START EXTRACTED MATERIAL

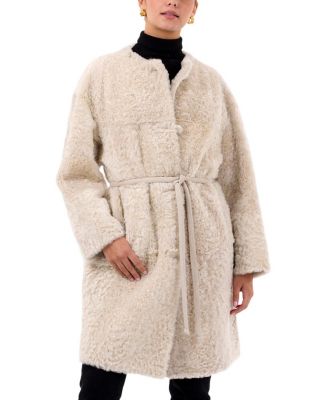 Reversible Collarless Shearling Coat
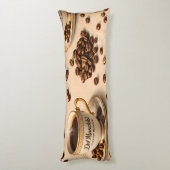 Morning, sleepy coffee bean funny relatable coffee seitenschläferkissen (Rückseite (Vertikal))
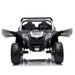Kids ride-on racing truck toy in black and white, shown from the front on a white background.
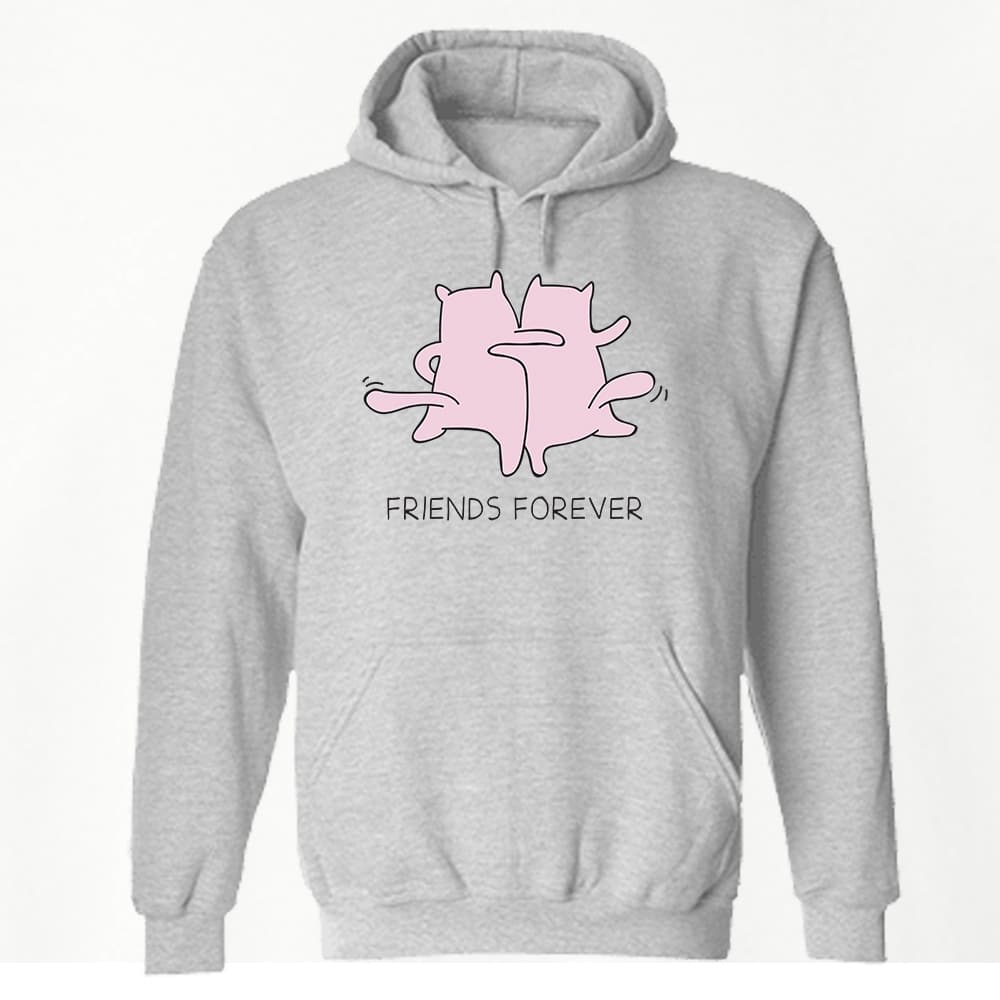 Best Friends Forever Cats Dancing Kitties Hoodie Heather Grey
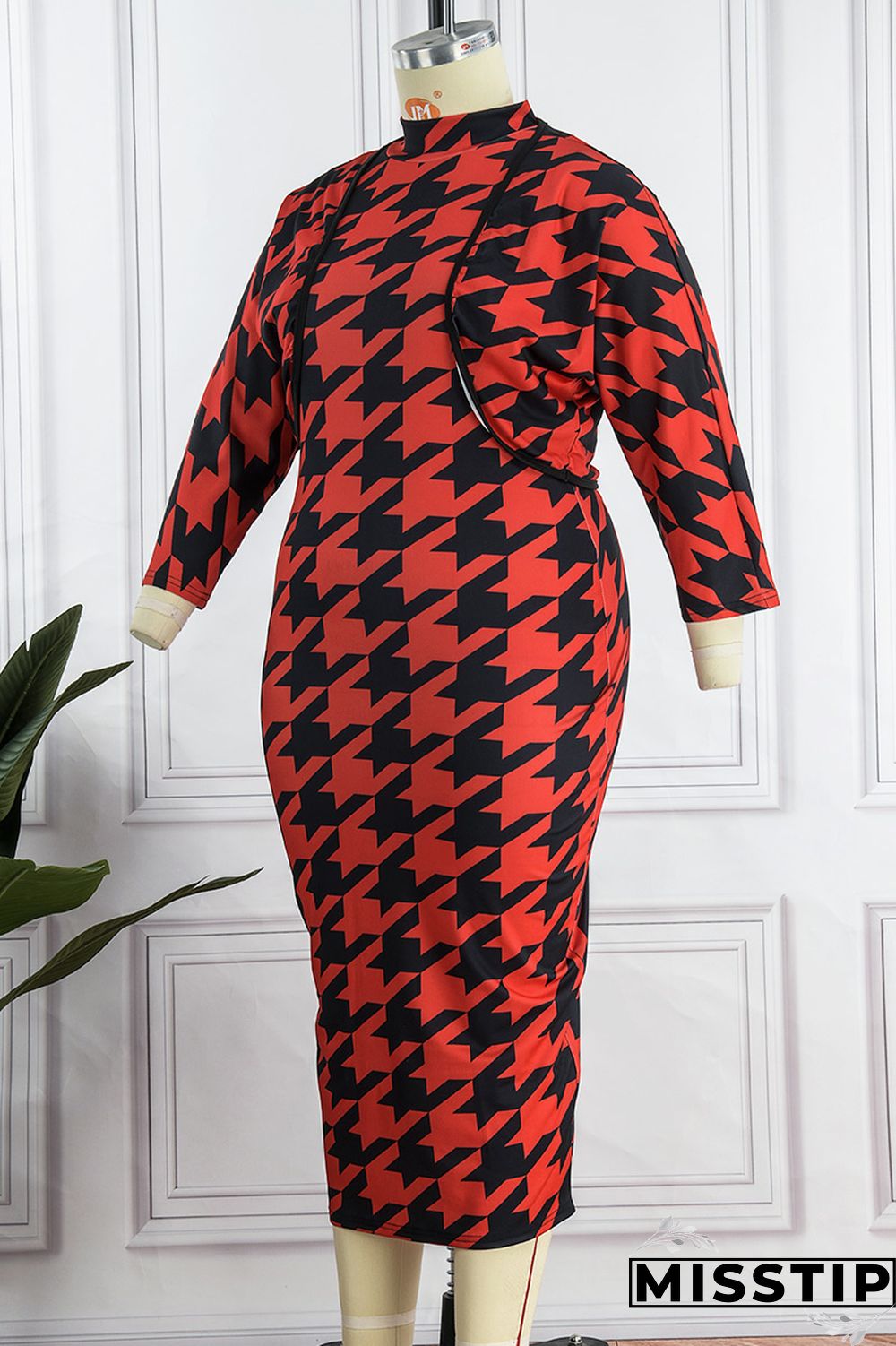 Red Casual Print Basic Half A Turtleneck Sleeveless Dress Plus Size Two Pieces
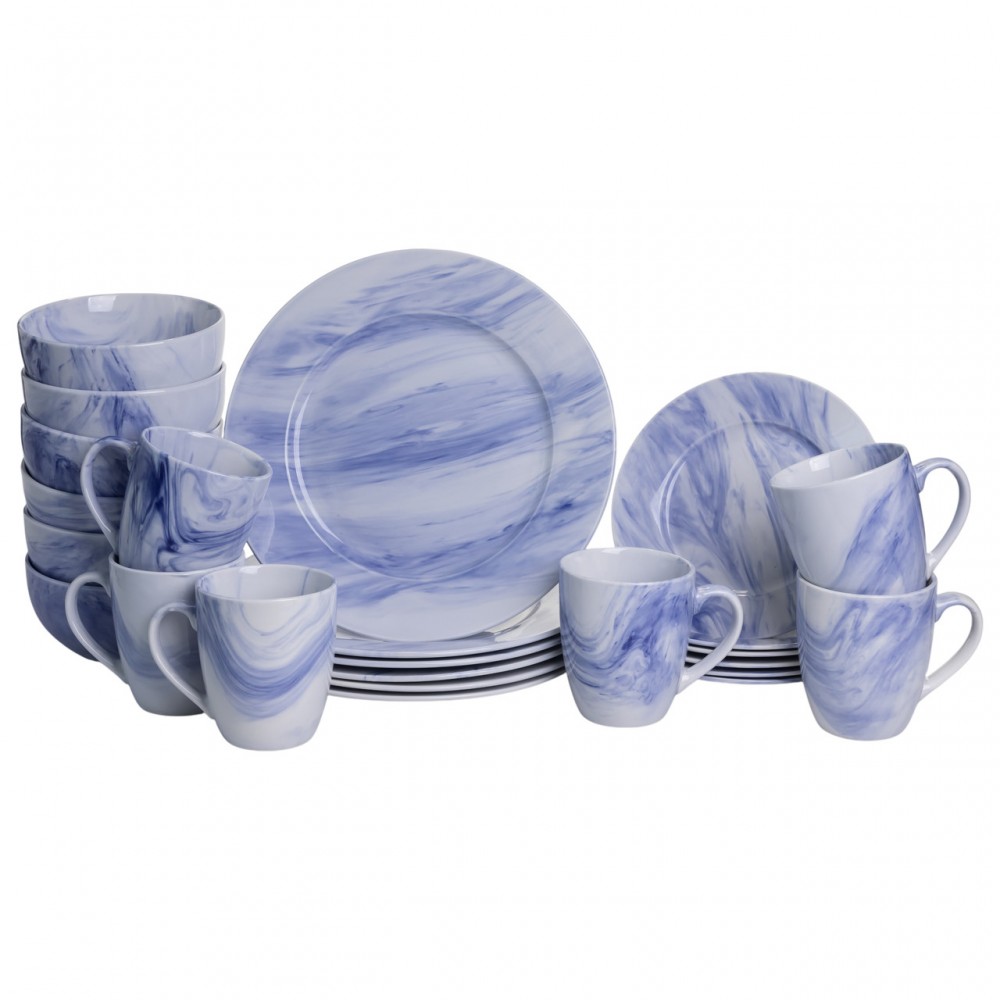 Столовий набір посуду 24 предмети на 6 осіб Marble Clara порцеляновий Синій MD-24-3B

END EXTRACTED MATERIAL

_REQUIREMENT_: Restate the material above word for word; pictures do not belong in the copy.

_ANSWER TO THIS TASK_:
 Reversible Collarless Shearling Coat
 Morning, sleepy coffee bean funny relatable coffee seitenschläferkissen (Rückseite (Vertikal))
Kids ride-on racing truck toy in black and white, shown from the front on a white background.
 Best Friends Forever Cats Dancing Kitties Hoodie Heather Grey
 Red Casual Print Basic Half A Turtleneck Sleeveless Dress Plus Size Two Pieces
 Столовий набір посуду 24 предмети на 6 осіб Marble Clara порцеляновий Синій MD-24-3B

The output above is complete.